Validating an Xml Structure

XML is a way to store and transfer data in an structured manner. Such, validating this data can be paramount for the reliability of any process or application. XML must be well formed and valid. Well formed means following the syntax rules for the language, like closing opened tags, writing everything in lowercase, etc. XML and Using haxe.xml.Fast will already take care of that validation, as they will throw an exception if you feed them not-well formed XML. However, well formed is not enough. Sometimes you need to make sure a given xml follows a predefined structure, and that values in that xml meet certain criteria. In this cases, you can use the haxe.xml.Check API to ensure that an XML respects a give structure.

Currently, the most common way to validate an XML structure are DTD and Schema. As everything in life, both have pros and cons. DTD is simple to learn and use, but is limited to define the structure of the xml document, not the data it carries. Schema is far more powerful, and is based in XML itself, but this power comes at the price of an increased complexity.

Haxe takes a third approach, more like a middle ground, defining a custom method for validating XML structure. Why reinvent the wheel you ask?. In the words of Nicolas Cannasse, because "It's more powerful than DTD which is very limited, and less complex than Schema which is a mess."

Well, enough talk, to the tutorial!

My first validation

haxe.xml.Check is quite simple yet very powerful. However, if you have never used DTD or Schema, it may be a little confusing at first. The concept is simple, you define a set of rules, and validate your XML againsts those rules. for example, supose you have the following xml document stored in a variable of type xml called myXml:

var str:String ='<myElement><myChildElement>myData</myChildElement></myElement>';
var myXml:Xml = Xml.parse(str);

You want to make sure that <myElement> always have a child element called myChildElement, and that the child element of myChildElement is plain text. For this, you first declare a variable with type haxe.xml.Rule like this:

var myRule:haxe.xml.Rule;

Then, you assign it a set of rules like this:

myRule = RNode('myElement',[],RNode('myChildElement',[],RData()));

Then apply the check with:

haxe.xml.Check.checkDocument(myXml,myRule);

Wowowowo, that was too quick you say?, then let me explain:

If you check the Rule, you will see that the class haxe.xml.Rule is not a class, it is an enum so do not forget to import the class where it stands otherwise compiler will complain:

import haxe.xml.Check;

This enum consist of several constructors, but let's focus in the ones we are using right now, RNode and RData.

Understanding Rules

Let's explain all the possible rules one-by-one...

RNode

RNode validates a single element (node). As you can see, RNode takes one mandatory parameter and two optional parameters. The first parameter is name, the name of the node that you are validating. Following the previous example, the name of the node is myElement.

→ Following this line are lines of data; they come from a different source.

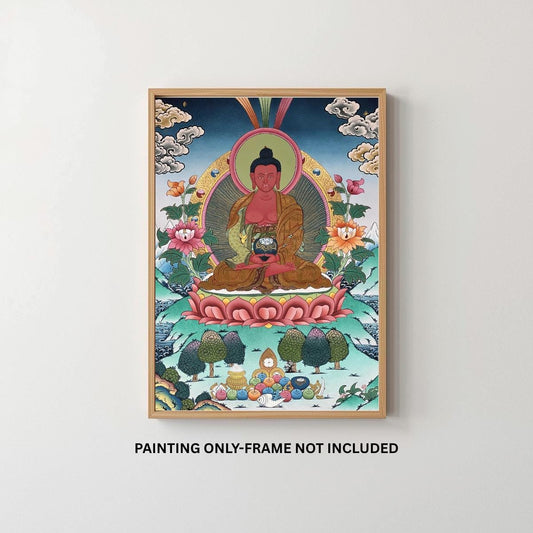 Hand-Painted Amitabha Buddha Thangka  | Tibetan Pure Land Art | Silk Brocade Masterpiece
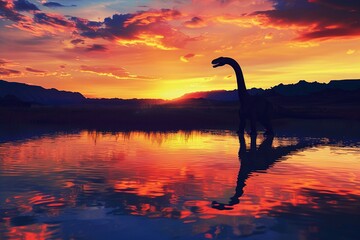 A serene twilight scene where a Brachiosaurus is silhouetted against a vibrant sunset sky, standing in shallow waters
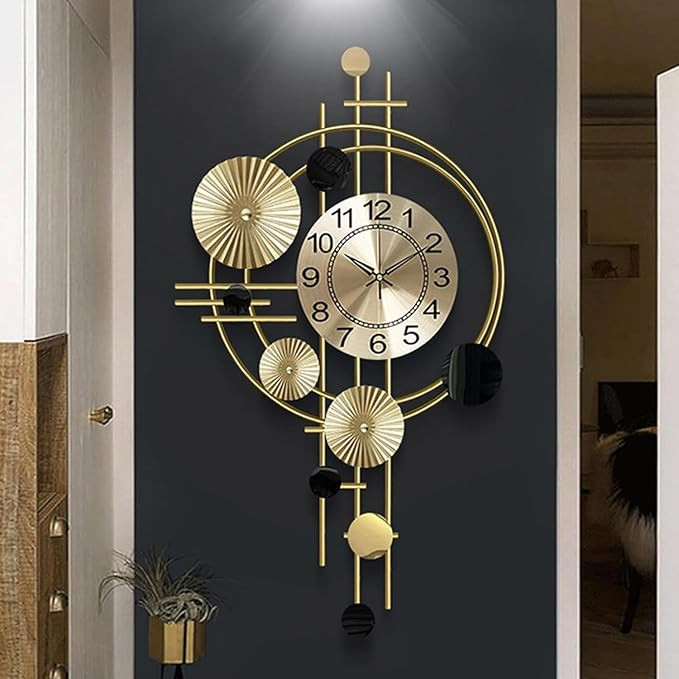 TA Metal Wall Clock Big Antique Decorative Stylish Watch & Decoration Design for Home Decor Interior for Bedroom Living Room Dining Office Farm Cafes Restaurant Hotels House Hall Item (Mo-1)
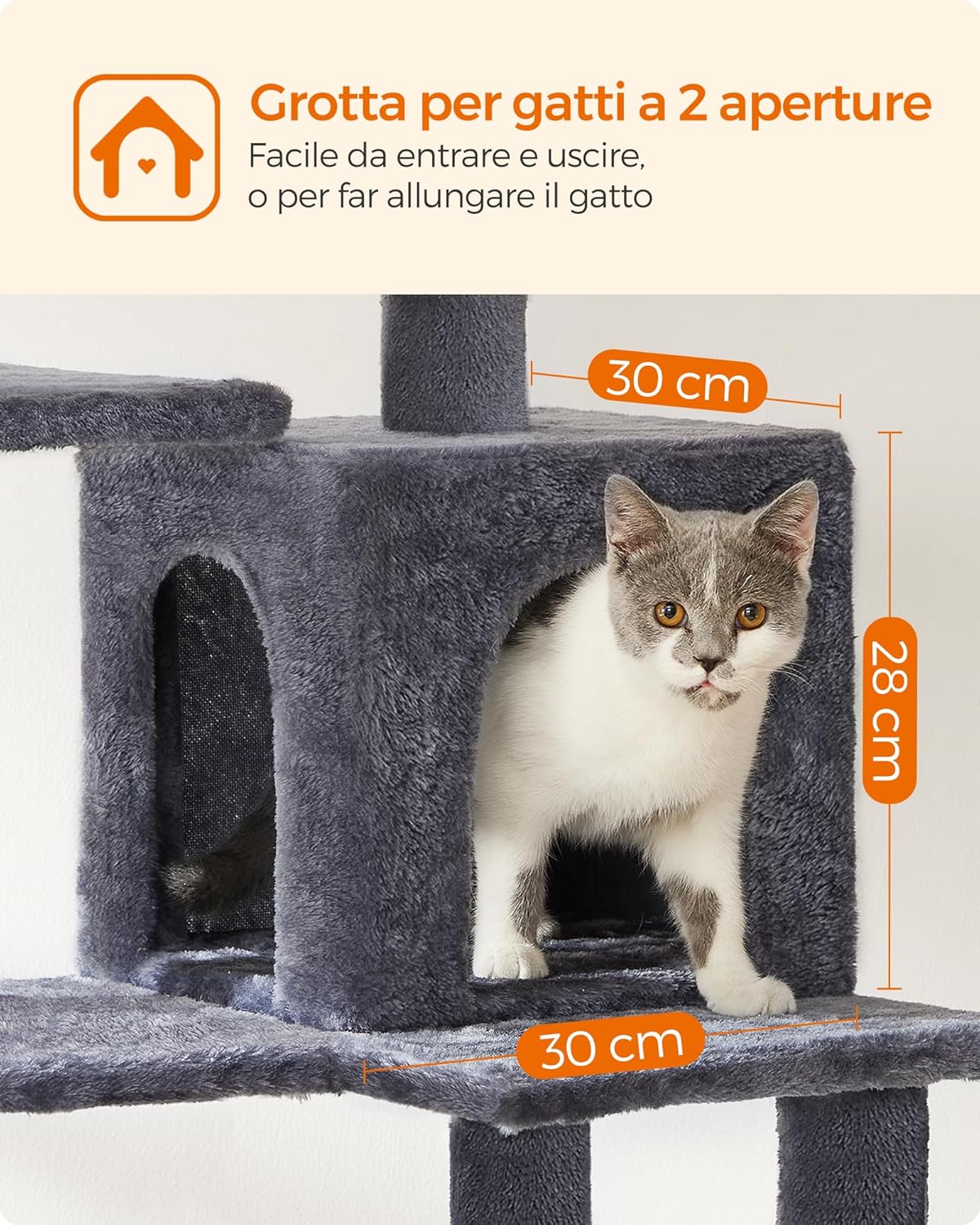 Detalle de Feandrea Albero per gatti alto 143 cm con 4 pali graffiatoi, amaca e grotta (PCT161G01) – Grigio fumo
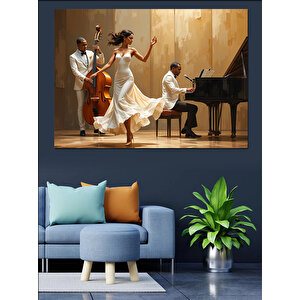 Piyanist Eşliğinde Dans Dekoratif Kanvas - Mdf Ahşap Tablo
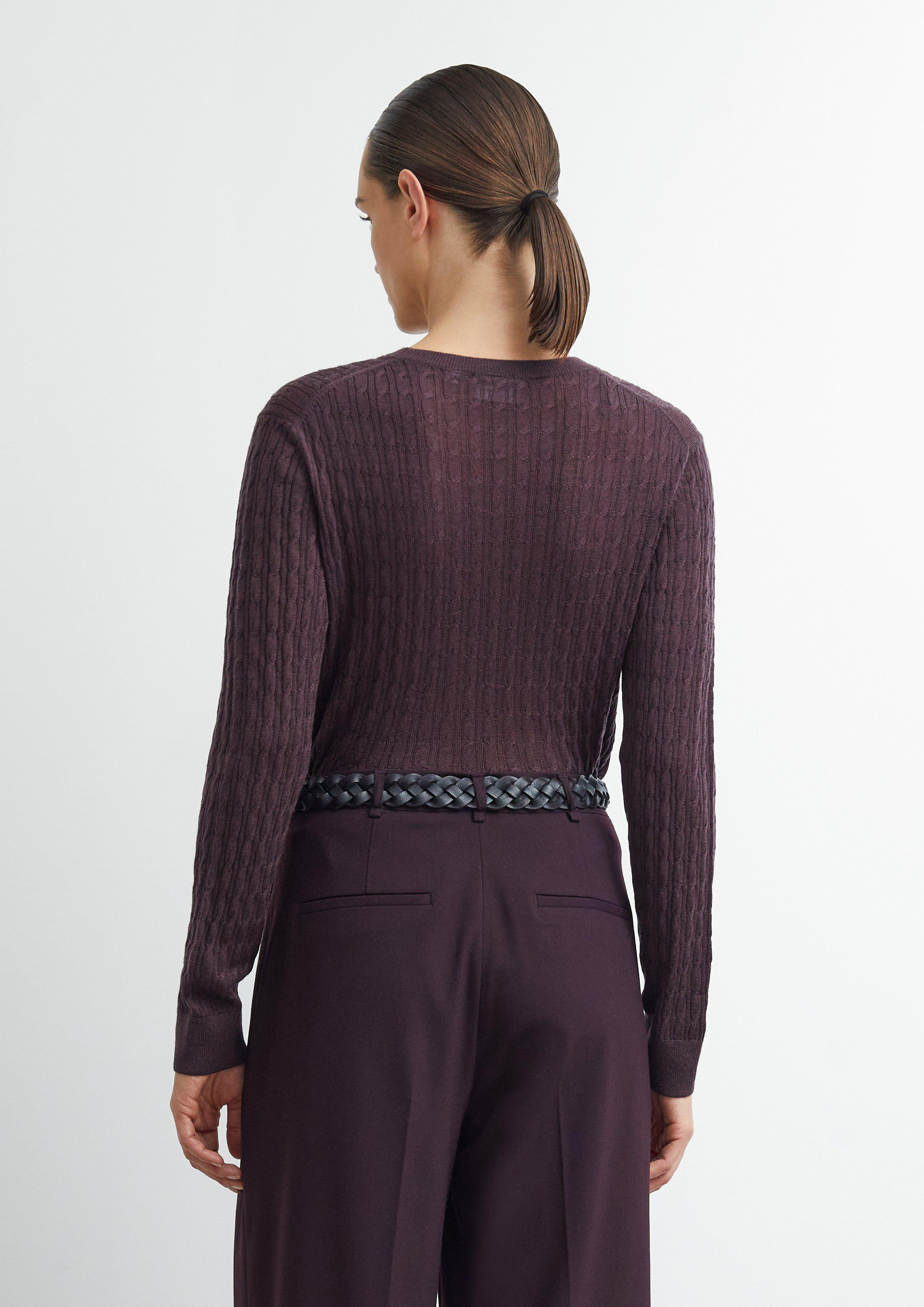 Strickpullover aus Merinowolle mit Zopfmuster in lila von COMMA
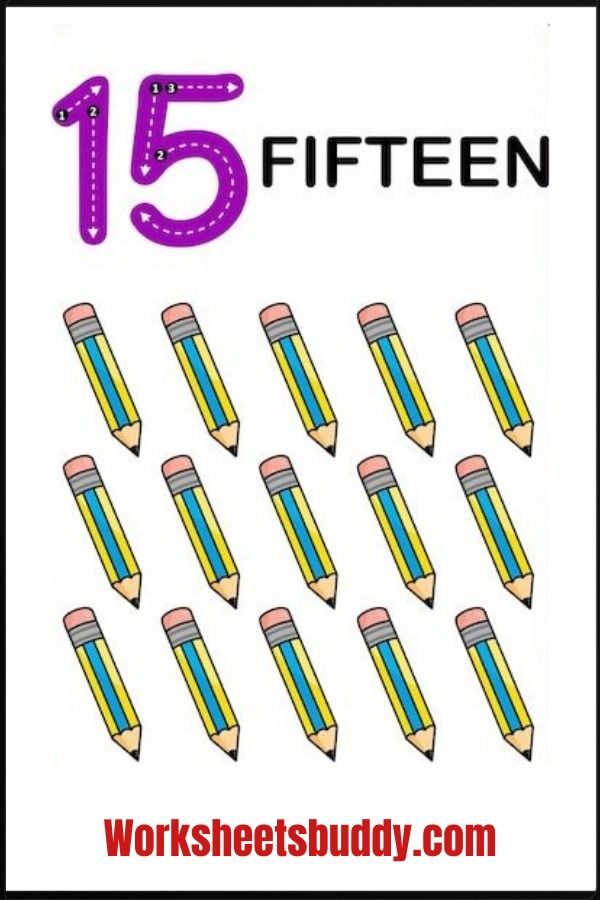 30 Numbers 1-15 Worksheets Kindergarten Printable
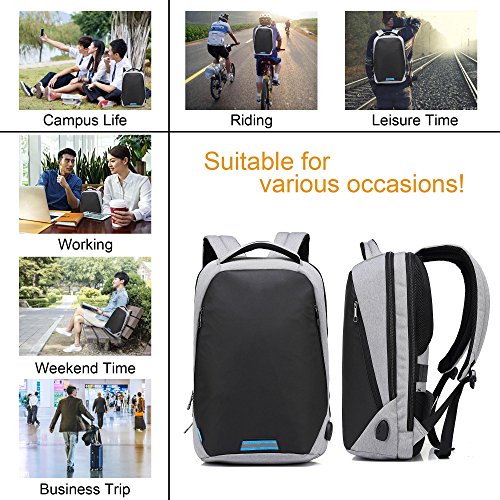 15 6 Zoll Business-Laptop-Rucksack mit Anti-Dieb-Rei  verschluss und USB-USB-Ladeanschluss  wasserdichte Reisen Backpack College Tasche mit versteckte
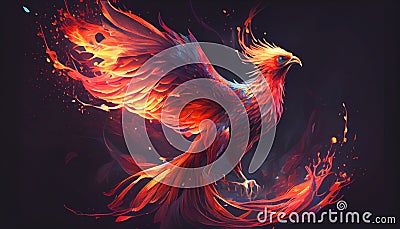 Fire Phoenix bird Stock Photo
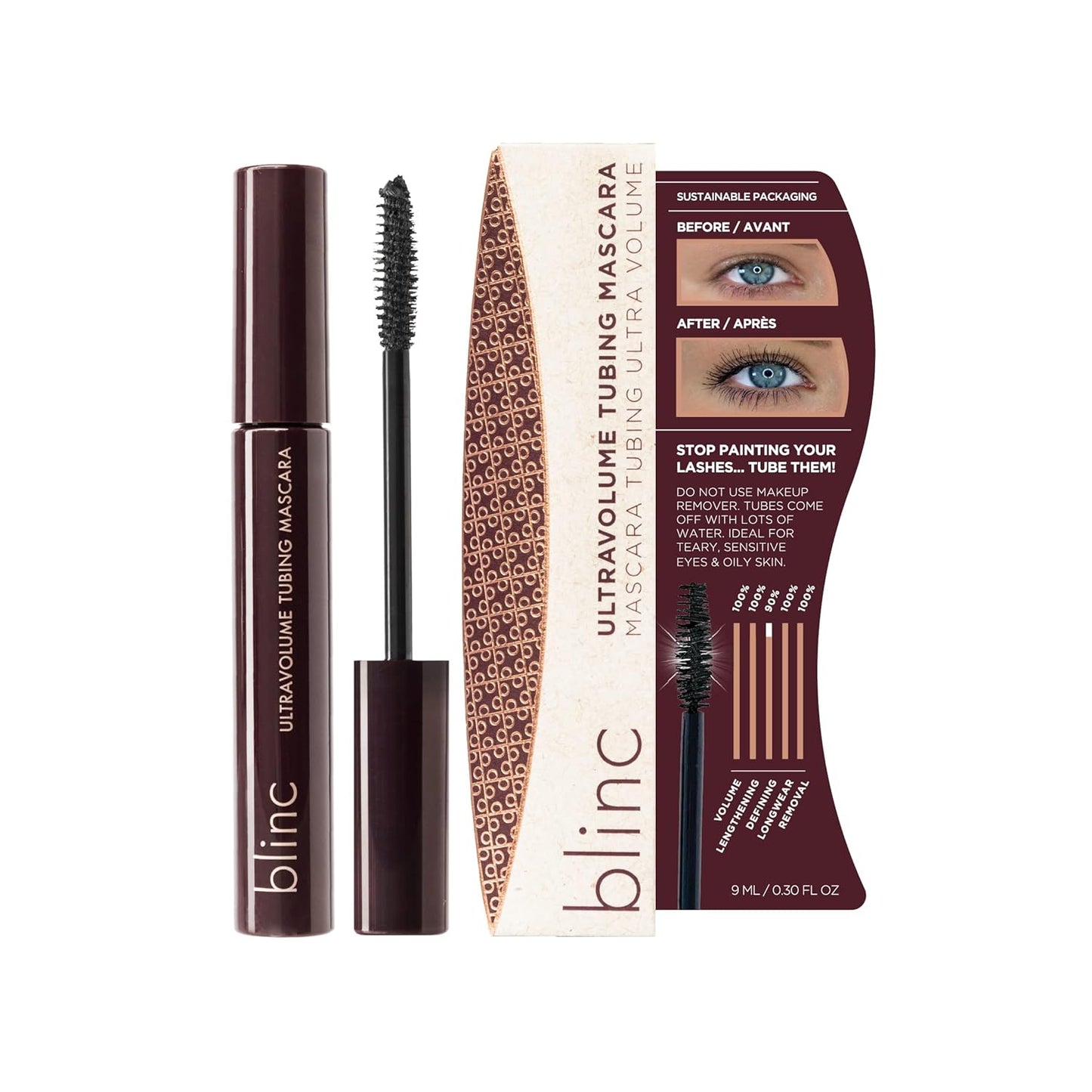 Blinc UltraVolume Tubing Mascara, Volumizing, Lengthening and Curling Mascara, Ultra-Longwearing Washable Mascara, Clean, Vegan and Cruelty-Free, 9mL / 0.30 Fl Oz (Pack of 1)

The second and third parameters are an array of attributes, and another rule (kind of recursive, isn't it?). Since this node has no attributes, the second parameter is an empy array represented by []. The third parameter takes a Rule, and this is where the good part comes in, it can be any other rule. In this case, the child node of myElement is another node, called myChildElement, so we define this parameter as another RNode, with it's own parameters, the name myChildElement, an empty array of attributes [], and a child of type RData.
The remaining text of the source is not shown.